Overview: The Senior Director will be responsible for leading the Biologics Analytical R&D organization in Lake Couny supporting AbbVie's innovative and unique early stage biologics pipeline which includes mAbs, shuttled-mAbs, Bi- and multi-specifics, genetic medicines (AOCs), ADCs (antibody-drug conjugates), multi-specifics, peptides, fusion proteins and future biologics modalities paired with formulation development support for traditional, high concentration, and complex formulations. This individual will lead the organization to develop industry-leading analytical methods, analytical characterization packages, and control strategies to advance the manufacturing, conjugation, formulation, and process development for drug intermediates, Drug Substance and Drug Product biologics from Discovery Research through late-stage clinical development. The Senior Director will advance fundamental understanding of novel biological modalities and their degradation mechanisms during manufacturing, shelf-life, distribution, and administration. He/she/they will partner cross-functionally to drive robust drug substance and drug product manufacturing processes and formulation selection by providing key analytical data and insights. The Senior Director will ensure that all analytical deliverables are achieved within set timelines, budgets, and regulatory frameworks, while seamlessly integrating analytical and program strategies into broader business objectives. He/she/they will drive top-tier analytical method development and validation strategies, implementation of new technologies, and automation. The Senior Director will establish collaborative and productive working relationships with key partner organizations to define successful process development strategies for biologics drug intermediate, drug substance, drug product and novel drug delivery development ( e.g. hyaluronidase). He/she/they will effectively manage Discovery Research and Operations interfaces to ensure seamless transition of research programs into clinical development and technology transfers to commercial manufacturing and testing sites. He/she/they will also partner with global Analytical R&D peer organizations working to advance similar biologics modalities to benchmark strategies and technologies and leverage analytical best practices.

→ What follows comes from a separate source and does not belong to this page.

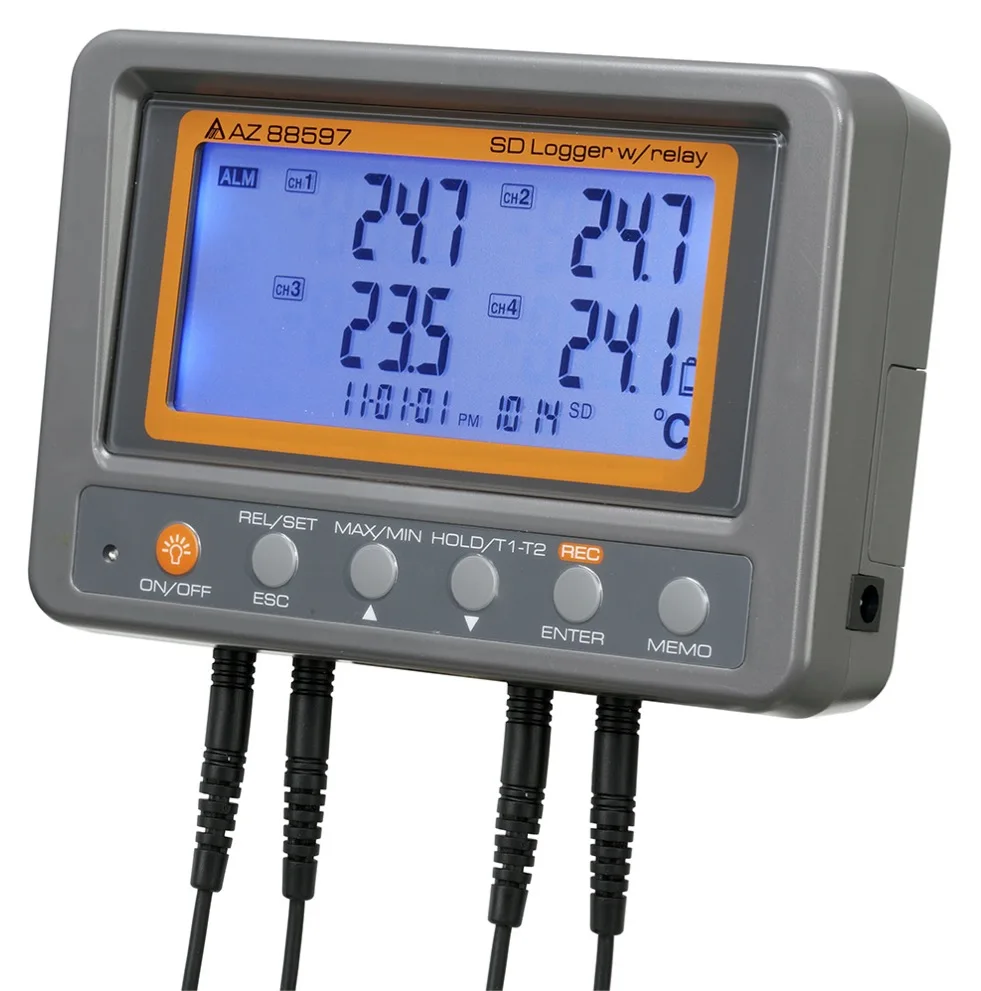 AZ88597 4 Channel Thermistor Thermal Thermometer Recorder with Relay Thermistor Data Logger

The Senior Director will develop Bio-ARD Lake County into a fully integrated Bio-ARD site by building cell-based bioassay capabilities in Lake County (LC).

Requirements

PhD with at least 10 years of relevant pharma/biotech industry experience or master's degree with at least 15 years of pharma/biotech experience.
Proven experience leading a biologics development organization with a range of experience levels and scientific disciplines
Demonstrated record of success leading strategic initiatives and new technology evaluation/implementation
Strong oral and written communication skills.
Experience motivating and maintaining positive morale of highly skilled technical individuals and teams in an environment where compliance to standard procedures is required.
Solid understanding of the various scientific disciplines needed for therapeutic biologics development (including analytical, drug substance development, drug product development, combination product development, manufacturing, QA, supply chain, regulatory).
Strong negotiating, influencing, and leadership skills
Entrepreneurial thinker capable of driving innovative ideas and making smart business decisions.

Responsibilities

Provide leadership and talent development for > 50 highly skilled analytical and pharmaceutical scientists at the AbbVie Abbott Park and North Chicago sites
Define and communicate industry-leading analytical strategies for complex biologics
Responsible for development, validation and transfer of analytical methods aligned with global strategies
Establish industry-leading biologics analytical characterization capabilities to support process development, formulation design and comparability
Drive fundamental understanding of CQAs, degradation mechanisms and product/excipient interactions
Manage departmental budget, analytical laboratories and equipment
Balance resources, resolve issues and achieve target timing for pipeline projects and key strategic initiatives
Drive technical excellence and innovations in science that improve the capabilities and productivity of the organization.
Work collaboratively across R&D and Operations to align and influence a broad range of development strategies that directly support drug development programs.
Manage and develop scientific talent across multiple disciplines and/or projects to address current and future business needs.
Ensure scientific excellence and foster functional, scientific, and professional development of staff.
Identify, evaluate, and propose both internal and external collaborations to drive scientific innovation and shared learning.
Accountable for compliance with Environmental Health and Safety regulations for the group.
Solves difficult and highly complex technical issues in an evolving regulatory climate.